Citadel LLC proposed that the CFTC and the SEC develop consolidated reporting to ease the burden on dually registered fund managers, while PIMCO urged the Commission to consider the meaning of its prohibition against futures commission merchants guaranteeing customers against losses (click here to access CFTC Rule 1.56). According to PIMCO, the Joint Audit Committee – a representative organization of US futures exchanges and regulatory organizations – relies on this rule to insist that futures commission merchants margin together separate accounts with the same beneficial owner even when under the control of separate managers – adversely impacting those beneficial owners “who use multiple asset managers to manage separate pools of assets with distinct investment strategies.” (Click here to access JAC Regulatory Alert 14-03.)

A subcommittee of the American Bar Association's Business Law Section recommended that the CFTC overhaul its rules related to the liquidation of a futures commission merchant or a derivatives clearing organization in a bankruptcy proceeding to provide a trustee clearer guidance. A number of commentators supported the ABA's recommendations, including FIA and CME Group.

The International Swaps and Derivatives Association asked the CFTC to permanently exempt inter-affiliate swaps from the trade execution requirement and eliminate footnote 88 in the CFTC's cross border guidance to the extent it suggests that a facility would be required to register as a swap execution facility to the extent it meets the definition of a SEF, even though all it executes or trades are swaps not subject to the trade execution mandate (click here to access). According to ISDA, this footnote has prompted non-US trading venues to ban US persons for fear they might be subject to SEF registration requirements. ISDA also asked the CFTC to expand the clearing mandate's end-user exemption to broaden the group of potential beneficiaries, based a risk-based threshold as opposed to an asset-sized based threshold as currently is the case.

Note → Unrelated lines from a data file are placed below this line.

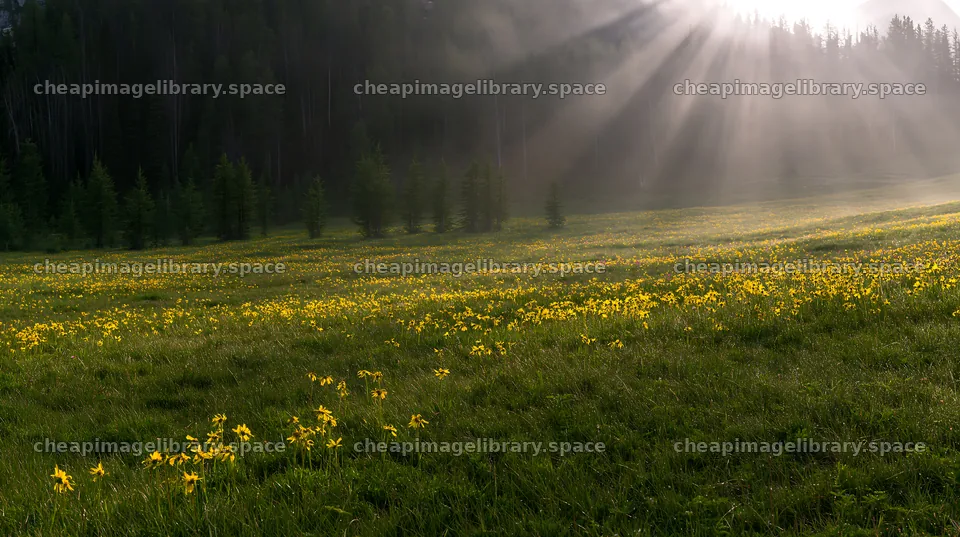 Sunshine Meadows Banff light rays illuminate yellow wildflowers – image library 10608x5938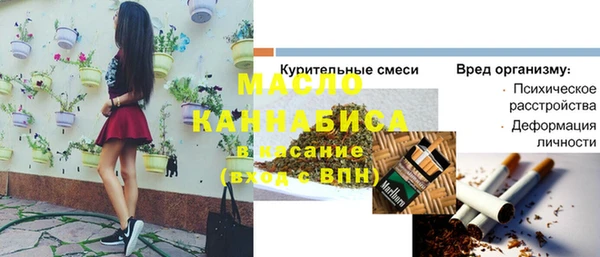 индика Беломорск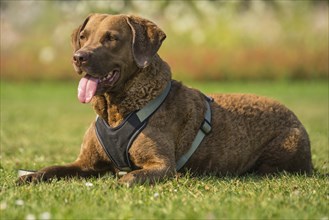 Lying Chesapeake Bay Retriever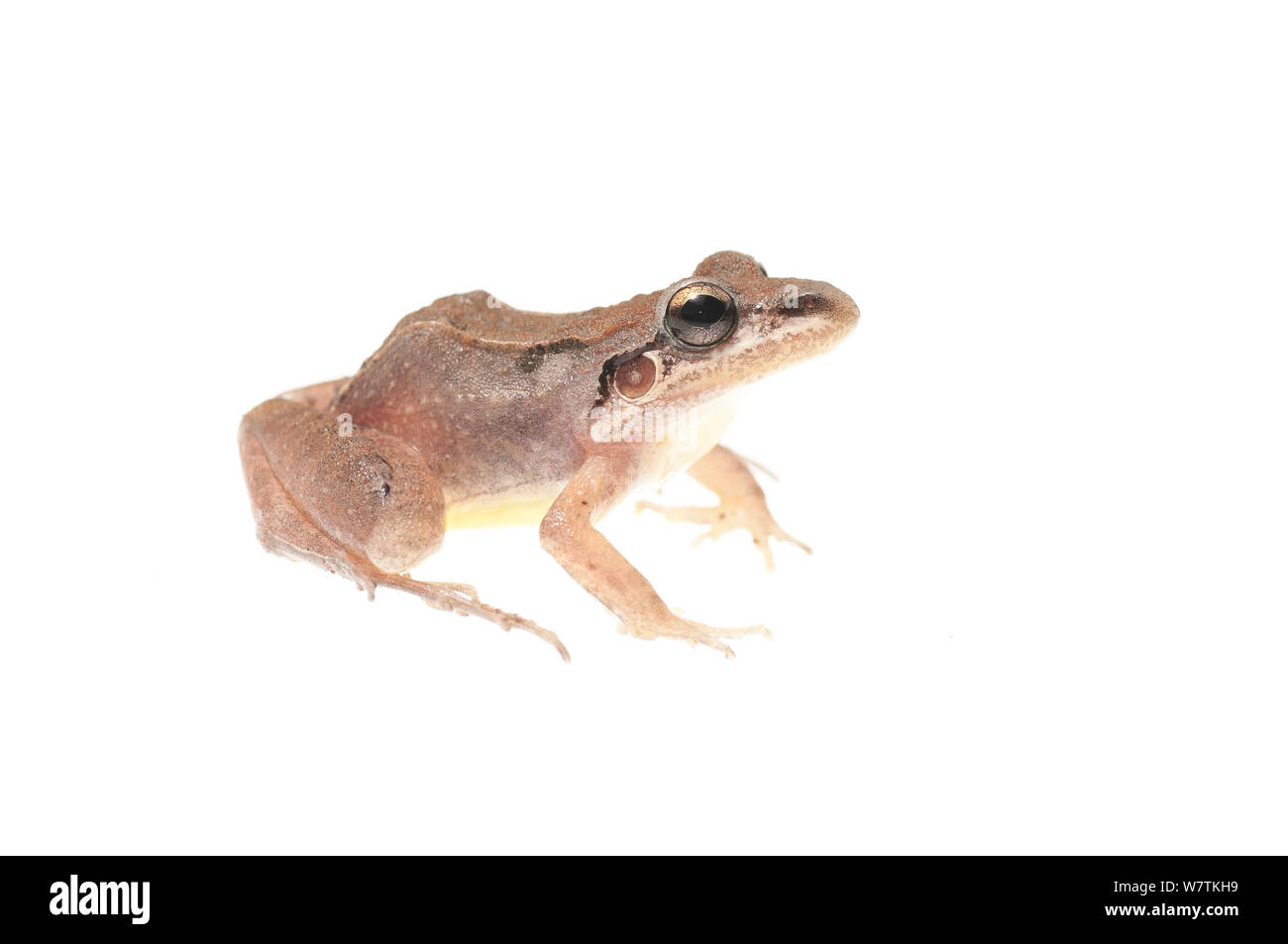 Ditch frog (Leptodactylus mystaceus) Parabara, Guyana. Meetyourneighbours.net project Stock Photo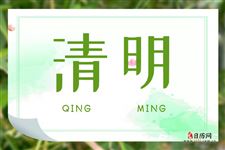 清明节植树活动的意义
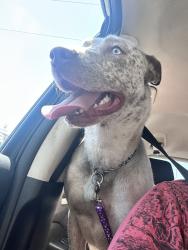 Found/Stray Female Dog last seen 122nd, Oklahoma City, OK 73102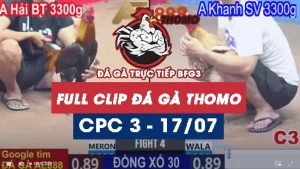 Clip phát lại đá gà CPC3 - 17/07/2025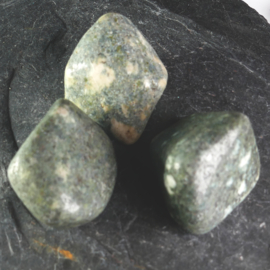 Preseli blauwe steen, Bluestone, 'Stonehenge', 'spotted' TS (XL) p.st.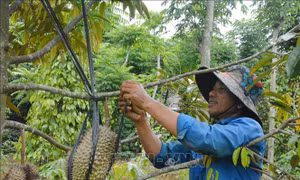 Tạo động lực cho huyện 30a thoát nghèo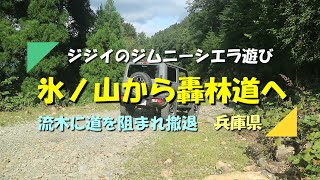 【ジムニー】シエラで林道氷ノ山線から轟安井線を走るつもりが流木に阻まれ撤退（兵庫県）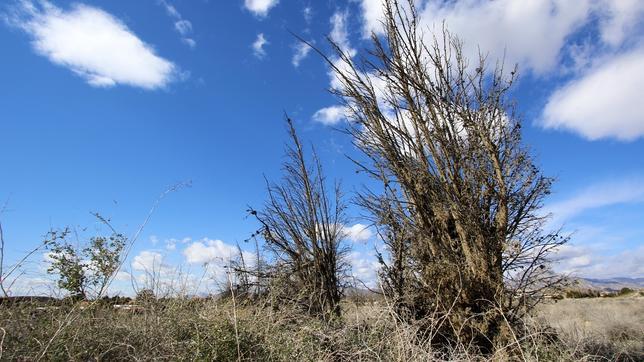 El año empieza con un 55% menos de lluvia y agrava el déficit hídrico valenciano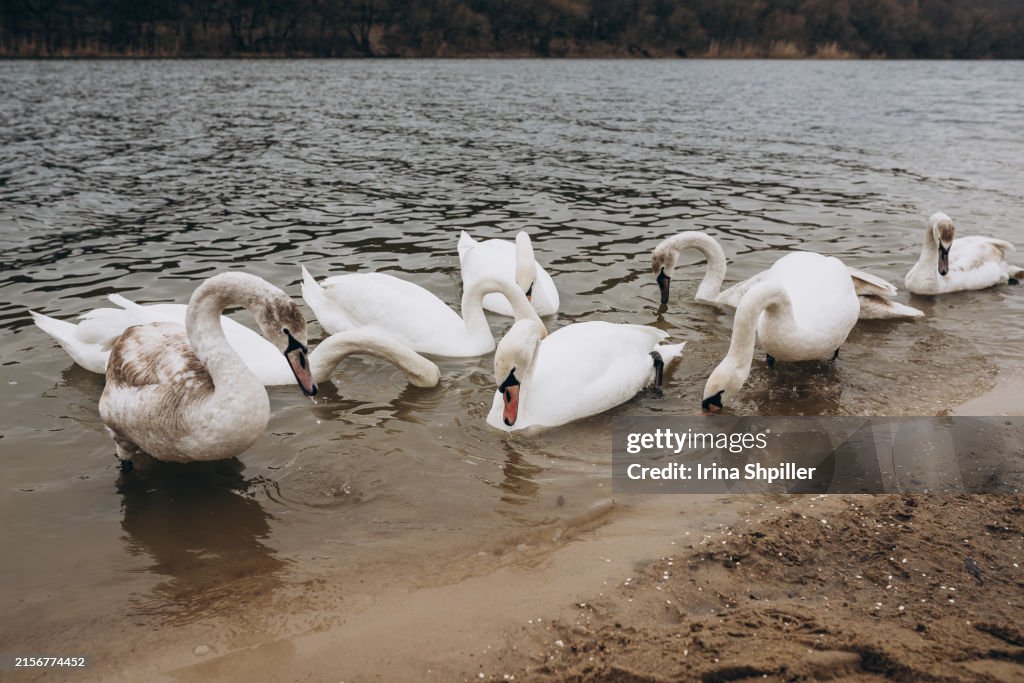 Winter beach with white swans in the river.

Better Markets, however, urged the Commission to be cautious in potentially weakening any existing regulation in response to Project Kiss. According to Better Markets, “Project Kiss raises a serious concern that its inevitable consequence will be to weaken the regulatory structure that the Commission carefully crafted and previously adopted to ensure that our commodities and derivatives markets are as stable, transparent and fair as possible.”

My View: Many of the recommendations of commentators to the CFTC’s Project KISS initiative filed two weeks ago foreshadowed recommendations made last week by the Department of the Treasury in its second report, “A Financial System That Creates Economic Opportunities: Capital Markets.” Treasury issued this report in response to President Donald Trump’s Core Principles for the federal regulation of the US financial system published earlier this year. (Click here for background in the article “Treasury Calls for Better Coordination and Not Merger to Improve SEC and CFTC Efficiencies; Recommends Review of SROs to Minimize Conflicts and Increase Transparency” in the current edition of Bridging the Week.) There are many good ideas among all the proposals, and hopefully some will be more than dreams soon!